Question: What a great site — I was just surfing and there you were! My question is: What was the name of the show that featured one woman (Alexandra Bastedo?) and two guys who had either been involved in some sort of accident or had been to Tibet. They could communicate with each other by ESP or some such thing. I used to be fascinated by that show. If you would allow me another question: Whatever happened to the guy who played Adam Troy in Adventures in Paradise? (Now that's dating me.) Regards — Jennie, Brisbane, Australia

Televisionary: Okay, Jennie, you may think I'm answering both questions because you buttered me up, but it's really that I'm darned tickled to get mail from so far away. (I doubt I could deliver the sound thwack to the "send" button required to fire e-mail halfway around the planet, so I'm impressed by the effort.)

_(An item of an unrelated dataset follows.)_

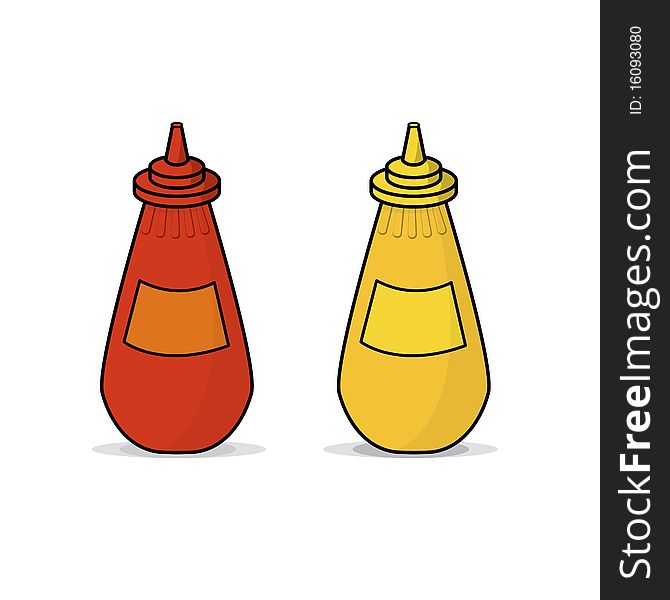 An illustration of ketchup and mustard bottles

Ms. Bastedo starred alongside Stuart Damon and William Gaunt as The Champions, a super-powered trio of international heroes whose series ran on NBC for four months or so beginning in June 1968. Craig Stirling (Damon), Sharon Macready (Bastedo) and Richard Barrett's (Gaunt) talents included seeing in the dark, super strength, telepathy and other similarly cool abilities — all of which came in handy while working under Interpol-like agency Nemesis and organization liaison Tremayne (Anthony Nicholls), who issued their marching orders.

As to your second question, Adventures in Paradise (see the second question of my May 2 column for more information on that show) star Gardner McKay is nearing 70 and is alive, well, and writing in Hawaii. Launched into stardom when then-producer Dominick Dunne saw him in the 20th Century Fox commissary in 1959, McKay lit up the screen for a few years and then stunned Hollywood by bailing out of the game at the peak of his popularity.

"It wasn't because I wasn't having a great time — I was," the ex-actor told TV Guide in 1999. "Life was kind of a carnival. It was unbelievable, and yet it was time to go." McKay went pretty far, traveling to the Amazon and Egypt and crewing in the Caribbean on a long voyage of self-discovery. "I never was an actor: I was a misfit," he observed. "I just looked the part."

McKay currently spends his days banging out plays and novels. His most recent effort is the horror thriller Toyer, available from Warner Books.